AI does not replace judgment; it challenges it. It surfaces uncomfortable truths, exposes blind spots, and removes the comfort of guessing. Automation then ensures that decisions, once made, are executed consistently, whether that means scaling infrastructure or isolating a suspicious activity involving personal data.
The healthiest organisations treat AI like a co-pilot, not an autopilot. Humans still define intent, ethics, and accountability, especially critical under DPDP, where responsibility cannot be delegated to an algorithm.
“AI doesn’t make decisions for leaders—it simply makes weak decisions harder to defend.”
Operationally, this creates calmer environments, fewer surprises, and much less dependence on late-night heroics.
How important is cross-functional collaboration between technology and business teams in driving successful tech adoption?
From a technology and security standpoint, collaboration is the difference between adoption and abandonment. Most technology failures are not technical, they are conversational, or worse, governance failures.
When business teams bring objectives without context, or technology teams respond with solutions without understanding revenue, risk, or regulatory impact, friction is inevitable. Successful organisations align early, on outcomes, constraints, and trade-offs, including data protection obligations.
Security teams, especially in a DPDP-driven environment, must move from being perceived as blockers to being design partners. When security and privacy are built in early, controls become accelerators rather than speed bumps.
“If business and technology only meet at go-live, the real conversation started far too late.”
Shared ownership, plain language, and mutual respect drive adoption faster than any new platform ever will.
From your perspective, what aspects of digital transformation are working well today, and where do organisations still need to evolve?

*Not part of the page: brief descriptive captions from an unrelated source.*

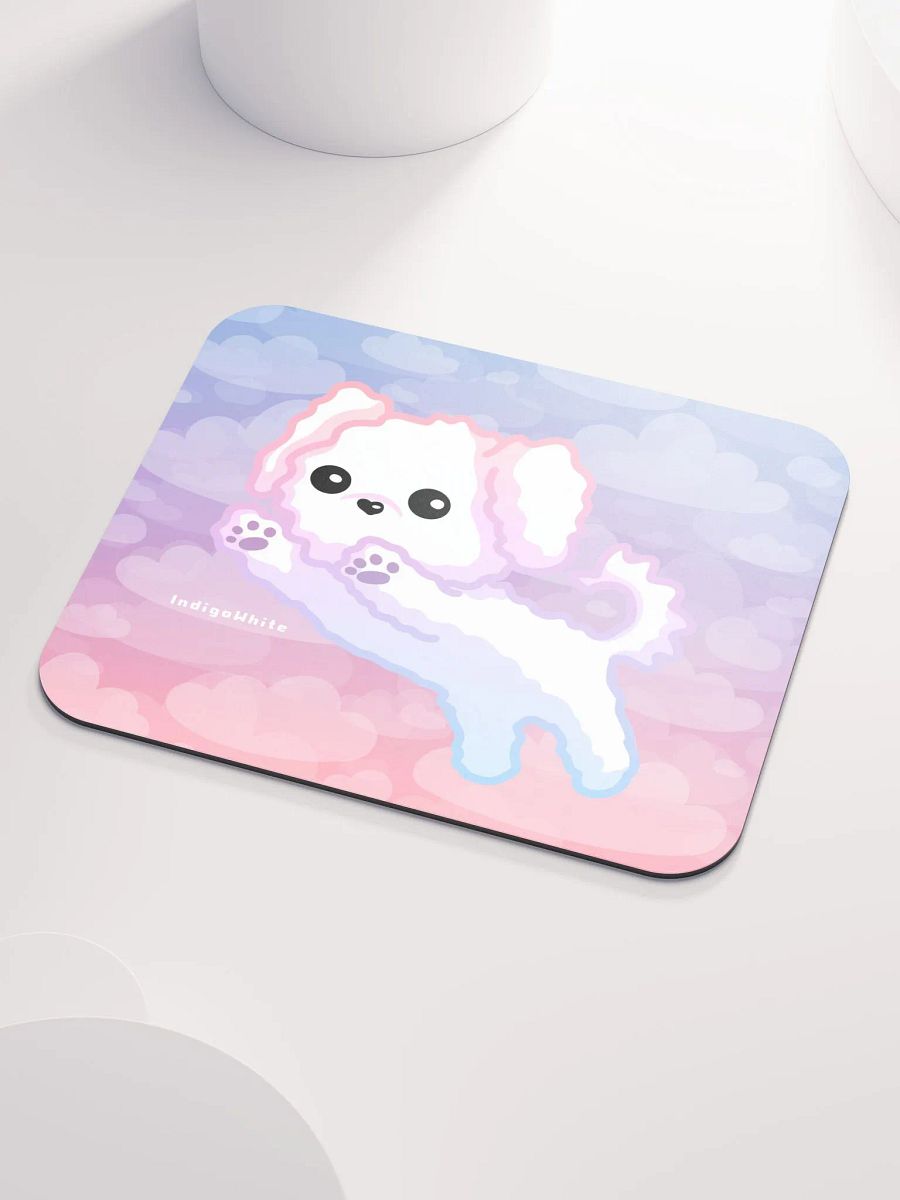 Tiny Bop Jump Mousepad product image (3)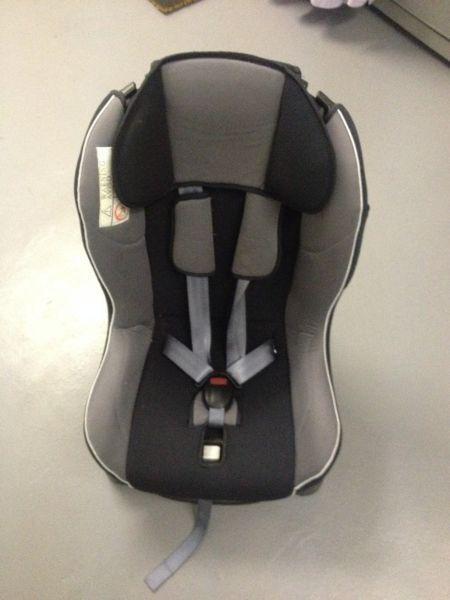 Baby/child car seat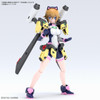  Bandai Figure-Rise Standard Abata Fumina Plastic Model (Gundam Build Metaverse) 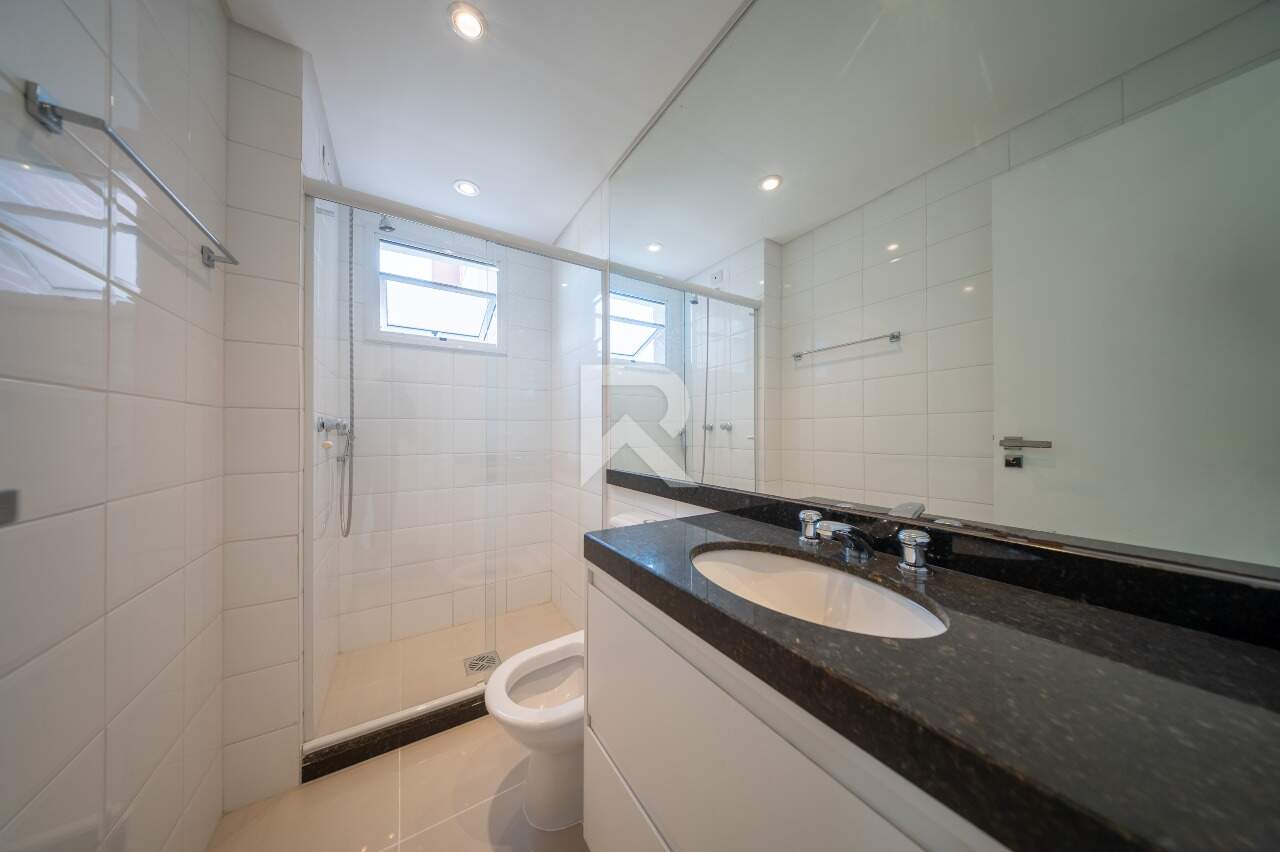 Apartamento Face Oeste com Sacada Gourmet, 3 Quartos e 2 Vagas à Venda, 131 m² - Ecoville - Curitiba/PR miniatura 24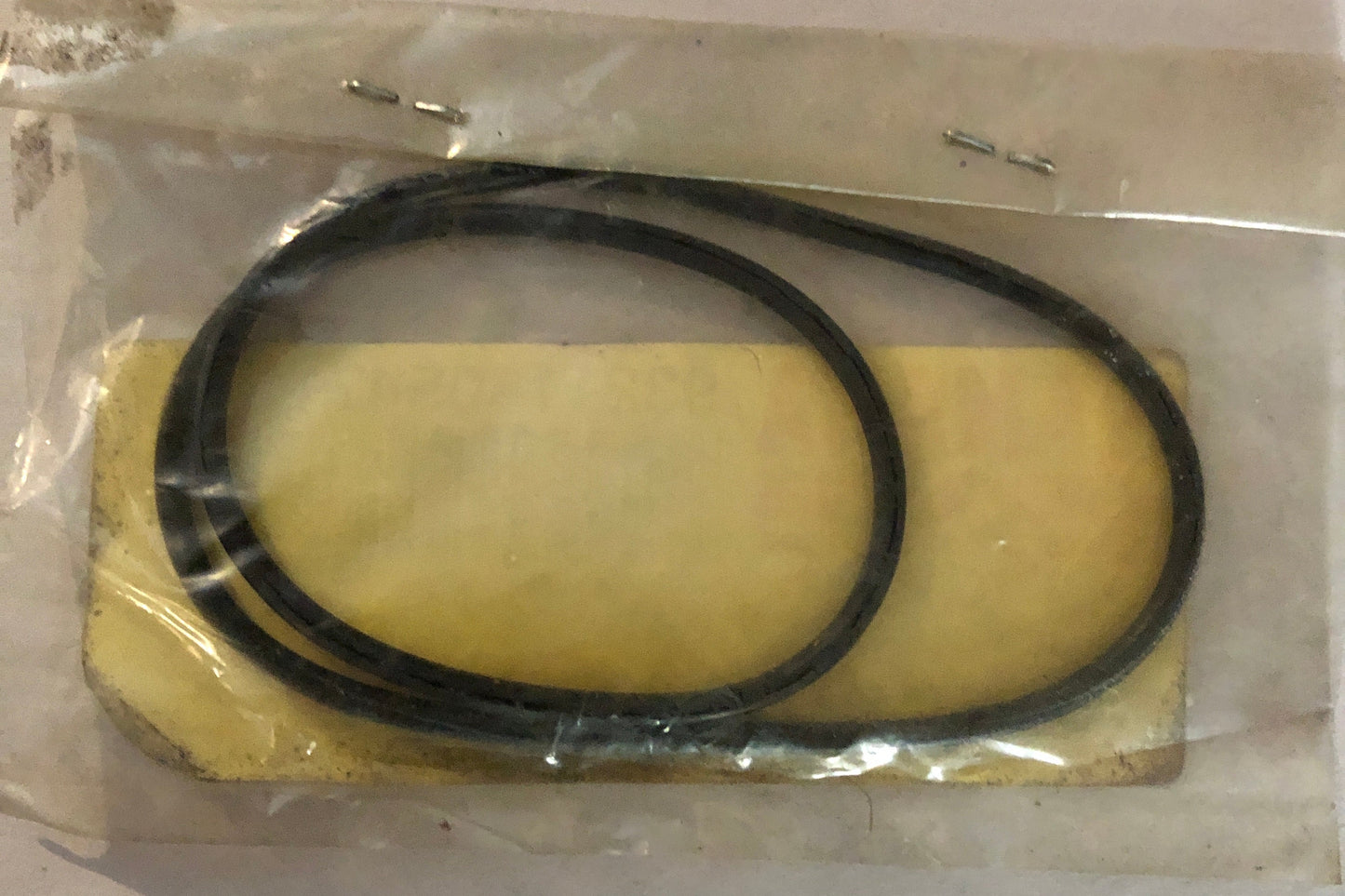 Yamaha-XG250-O Ring (5HO)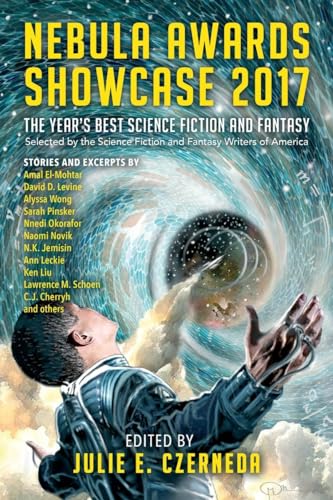Nebula Awards Showcase 2017 view 2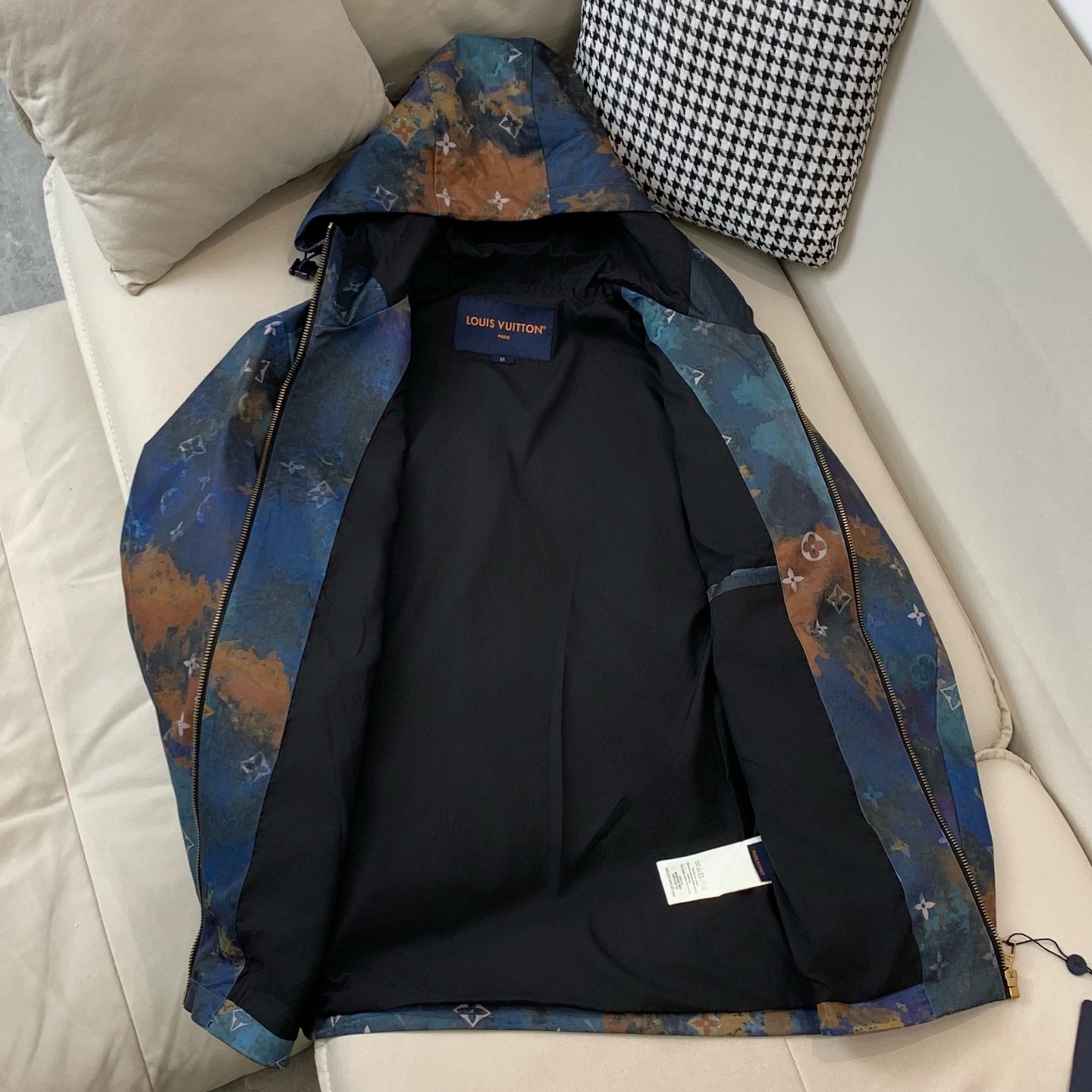 Louis Vuitton Jacket M-l-xxxl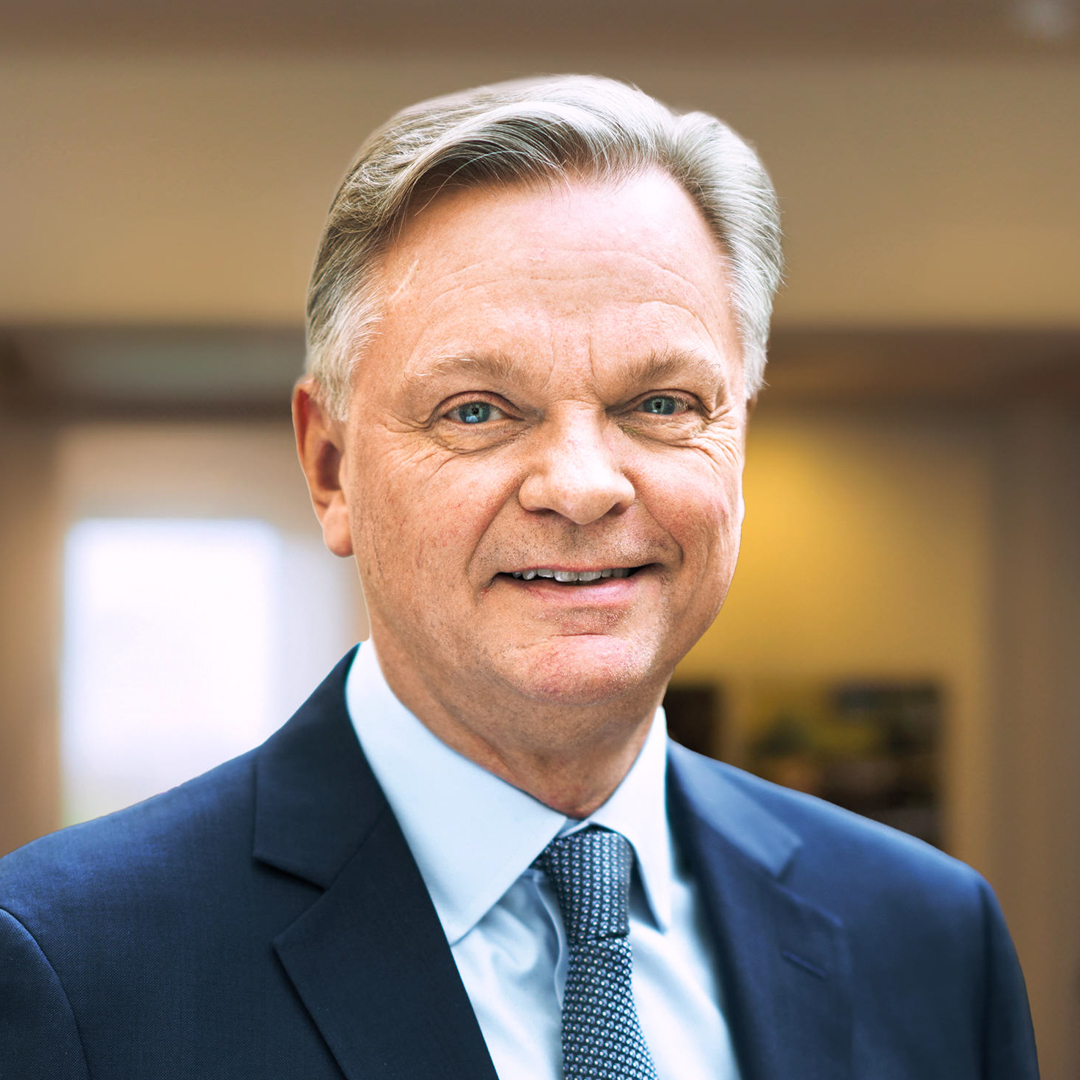 Lars Hansen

Digital transformation has definitely matured. Most organisations now understand distributed architectures, segmentation, data platforms, cybersecurity basics, and, importantly, limited and purposeful data collection. There is also growing recognition that resilience, privacy, and compliance under laws like DPDP are business responsibilities, not IT checkboxes.
Where organisations still struggle is sustainability. Transformation is often treated like a project with an end date, rather than a muscle that must be exercised continuously. Legacy governance models, slow decision-making, and rigid role definitions continue to slow progress.
Another real issue is fatigue. New systems are introduced, but old processes rarely retire. Employees end up doing double the work, which quietly kills adoption.
“Digital transformation fails quietly when complexity grows faster than capability.”
The next phase demands simplification, sharper accountability, and leadership courage to let go of what no longer serves the business, or compliance expectations.
Looking ahead, which technology capabilities should leaders prioritize to remain competitive over the next few years?
Leaders should prioritise resilience over novelty. Strong data governance, scalable architectures, and embedded security and privacy controls will matter far more than chasing the latest trend.
From a CISO lens, cyber and data resilience, detect, respond, recover, and explain, will be a board-level differentiator, especially under DPDP’s accountability framework. From a CIO lens, adaptable platforms and talent models will define how quickly organizations can pivot without breaking trust.
Equally important is responsible technology use. Transparency, consent, and ethical deployment are no longer “nice to have”, they directly influence brand credibility.
“The future belongs not to the fastest adopters, but to the safest fast movers.”
Sustainable competitiveness will come from balancing speed with control, innovation with responsibility, and ambition with trust.